In 1979 British Leyland Ltd was renamed to simply BL Ltd (later BL plc) and its subsidiary which acted as a holding company for all the other companies within the group The British Leyland Motor Corporation Ltd to BLMC Ltd.
BL's fortunes took another much-awaited rise in October 1980 with the launch of the Austin Metro (initially named the Mini Metro), a modern three-door hatchback which gave buyers a more modern and practical alternative to the iconic but ageing Mini. This went on to be one of the most popular cars in Britain of the 1980s.
In 1982 the BL Cars Ltd division renamed itself Austin Rover Group marking the end of the Morris and Triumph marques although Jaguar and Daimler remained in a separate company called Jaguar Car Holdings.
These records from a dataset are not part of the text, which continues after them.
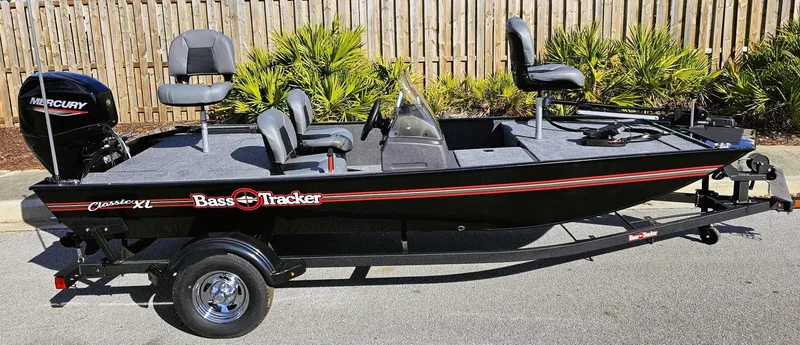 Slide: The Image of 2025 Tracker Bass Tracker Classic XL fishing boat on trailer, featuring Mercury outboard motor. - 3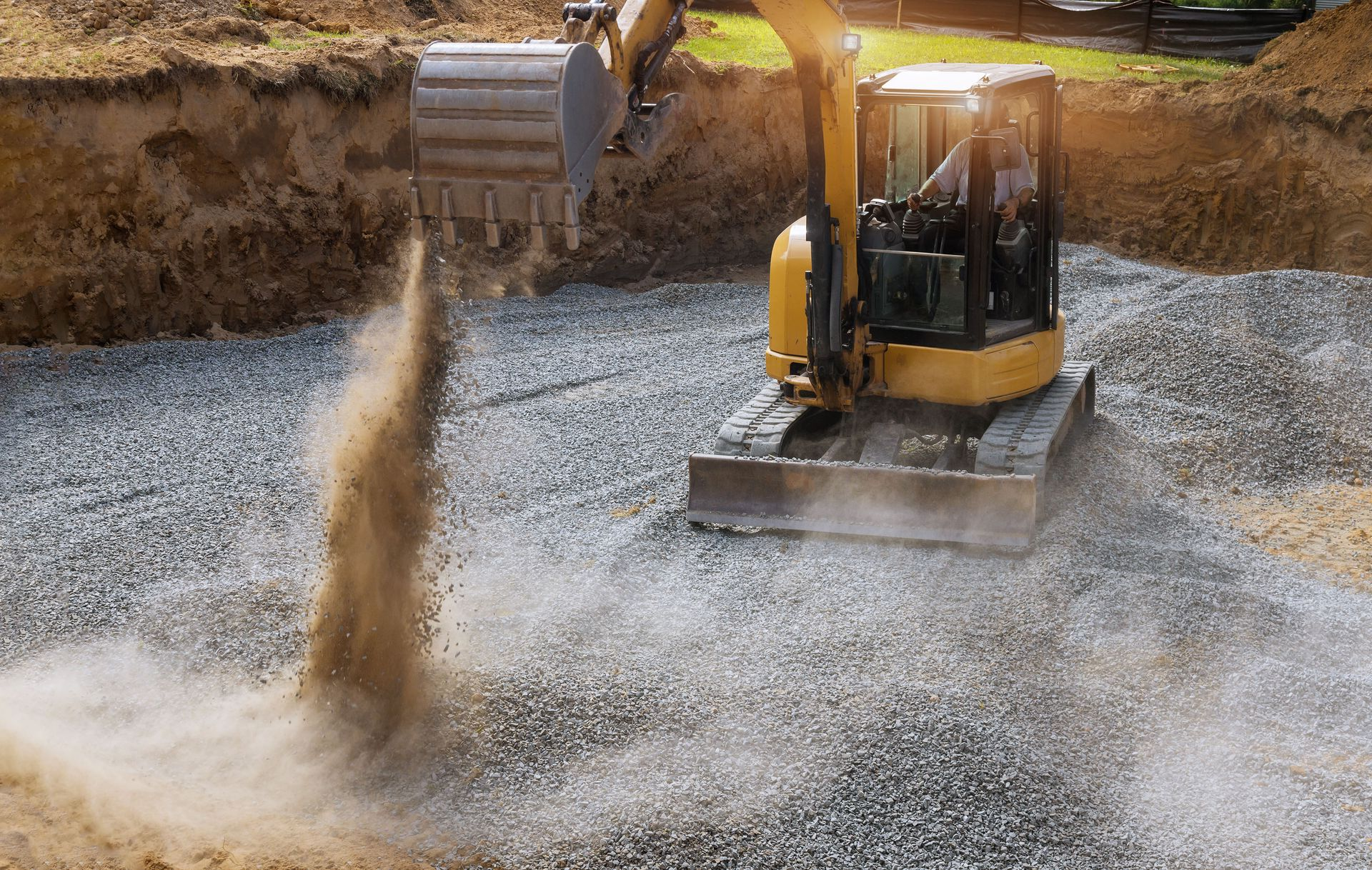Excavator digging gravel at a construction site, kicking up a plume of dust.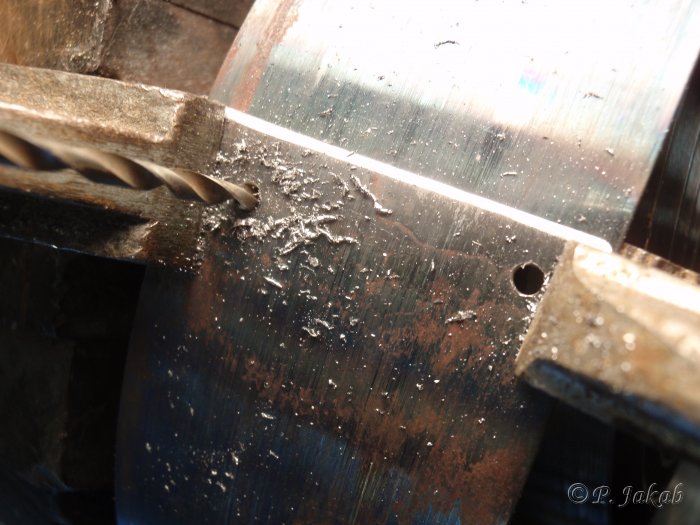 Spring repair rivet hole drilling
The Austin Rover Group started a partnership with Honda.
A rationalisation of the model ranges also took place around this time. In 1980, British Leyland was still producing four cars in the large family car sector—the Princess 2, Austin Maxi, Morris Marina and Triumph Dolomite. But the Dolomite was discontinued in August that year - and replaced by the Honda Accord-based Acclaim - in a move that saw the Canley plant in Coventry closed, with the Austin Maxi also being axed a year later. The Marina became the Ital in August 1980 following a superficial facelift, and a year later the Princess 2 received a major upgrade to become the Austin Ambassador, meaning that the 1982 range had just two competitors in this sector. In April 1984, these cars were discontinued to make way for a single all-new model, the Austin Montego.
In 1984 Jaguar Cars became independent once more, through a public sale of its shares. Ford subsequently acquired Jaguar. In 1986 BL changed its name to Rover Group and in 1987 the Trucks Division – Leyland Vehicles merged with the Dutch DAF company to form DAF NV, trading as Leyland DAF in the UK and as DAF in the Netherlands. In 1987 the bus business was spun off into a new company called Leyland Bus. This was the result of a management buyout who decided to sell the company to the Bus & Truck division of Volvo in
Rover Group sale
In 1988 the remaining Rover Group business was sold by the British Government to British Aerospace (BAe). They subsequently sold the business to BMW, which, after initially seeking to retain the whole business, decided to only retain the Cowley operations for MINI production and close the Longbridge factory. Longbridge, along with the Rover and MG marques, was taken on by MG Rover which went into administration in April 2005.